More downs than ups forecast for stocks
In the next two weeks the government will raise about $12 billion in the credit markets. Faced with this investment competition and enticed by record interest rates, investors last week took their money out of the stock market for the sixth consecutive week. The Dow Jones industrial average dropped another 26.50 points where it closed at 785.15. In the beginning of February the Dow was nudging the 900 mark.
Now, predicts analyst Wayne Norberg of Prescott, Ball & Turben, he wouldn't be surprised to see the Dow sink to the low 700s. "It won't be a real collapse, but we will sink to new lows," he says.
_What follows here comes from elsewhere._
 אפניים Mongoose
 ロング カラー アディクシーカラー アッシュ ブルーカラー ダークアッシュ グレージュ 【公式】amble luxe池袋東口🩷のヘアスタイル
Bache Halsey Stuart Shields analyst Larry Wachtel also thinks the market is in for a some more sliding. "Once we crack 780, we will reach a catharsis area where a big drop clears the air." he comments, After the fall, characterized by an "emotional selling wave," Mr. Wachtel envisions a new phase in the market. In this phase, he states, there will be a renewed interest in such stocks as Avon Corporation, 3M Corporation, and some of the beaten-down blue chip and computer stocks.
However, Donald Reagan, chairman of Merrill Lynch & Co., said he was convinced the market was in the process of "basing." Once stocks reached their bottom levels, he thinks investors will "look across the valley" at the economic rebound that is sure to follow any recession. Like Mr. Wachtel, he thinks the leadership will be in the blue chips and other stocks that have not participated in the market's rise over the past year.
Adding to investor concerns last week, says Mr. Norberg, was the realization that the Carter administration's anti-inflation measures would not work right away. Instead, says the analyst, "we will have a period of tight money and high inflation resulting in a credit squeeze that should persist into early summer."
Mr. Wachtel also notes that Wall Street is looking at "the worst of all possible worlds." This includes a 19 percent prime interest rate -- with the likelihood that it will go higher -- and the fact that the "yield gap," that is, the difference between the yield in long-term bond market are now looking at bonds again.
These institutional investors should also have plenty of opportunity to park their funds temporarily.With the government's announcement that it intends to raise some $12.2 billion in new cash over the next two weeks, the investment options have grown. One of the reasons the Treasury is increasing its new offerings is because of the large number of redemptions of savings bonds and also because of redemptions of nonmarketable securities by foreign central banks who are selling dollars to support their own currencies. Recently, the dollar has been strong and the price of gold weak.
The President's anti-inflation program received more scrutiny on Wall Street last week, and many economists evaluated the programs in a negative manner. Henry Kaufman, partner at Salomon Brothers, noted that the new effort under way in Congress to balance the 1981 budget "should not be construed as providing immediate relief to the credit markets or as a landmark in fiscal wisdom." Mr. Kaufman also predicted that bank profits would be squeezed, adding, "if this is sustained long enough, [it] will dampen credit growth," one of the goals of the Federal Reserve Board. In the final analysis, the Salomon Brothers partner notes, "the unanswered question is whether the Fed will ease in the aftermath of these new measures as it did following the announcement last October."
At this point, says Eileen Spinner of Smith Barney, Harris, Upham & Co. Inc., it looks as if the Fed means business. She notes that interest rates rose last week at the major banks because of the new tighter reserve requirements in spite of a drop in the banks' cost of borrowing money on the open market. However, because of the Fed's new reserve requirements, the banks find their profit margins under pressure -- forcing them to raise rates.
Economist Walter Hoadley of the Bank of America agrees that the Fed must show "real perserverence" in pursuing its policies or inflation and interest rates will jump to the middle 20s.
"This will be the real test, of whether or not the US is over the hill in a fundamental sense," says the economist. Mr. Hoadley would like the government to focus on the "root causes" of inflation in order to solve the problem. This includes stimulating the "supply side" of the equation through the use of tax cuts. However, Fed chairman Paul Volcker said tax incentatives to increase productivity and supply probably will have to wait for the budget-balancing act to end in Washington.
In the market last week, the oil stocks lost much of their glamour. Texaco, testing its well off New Jersey, was down, as was Mobil, which had been strong on the basis of its oil find off Newfoundland. Mr. Wachtel described this weakness in the oil stocks as "positive" since it would allow other stocks to take the leadership role in the market.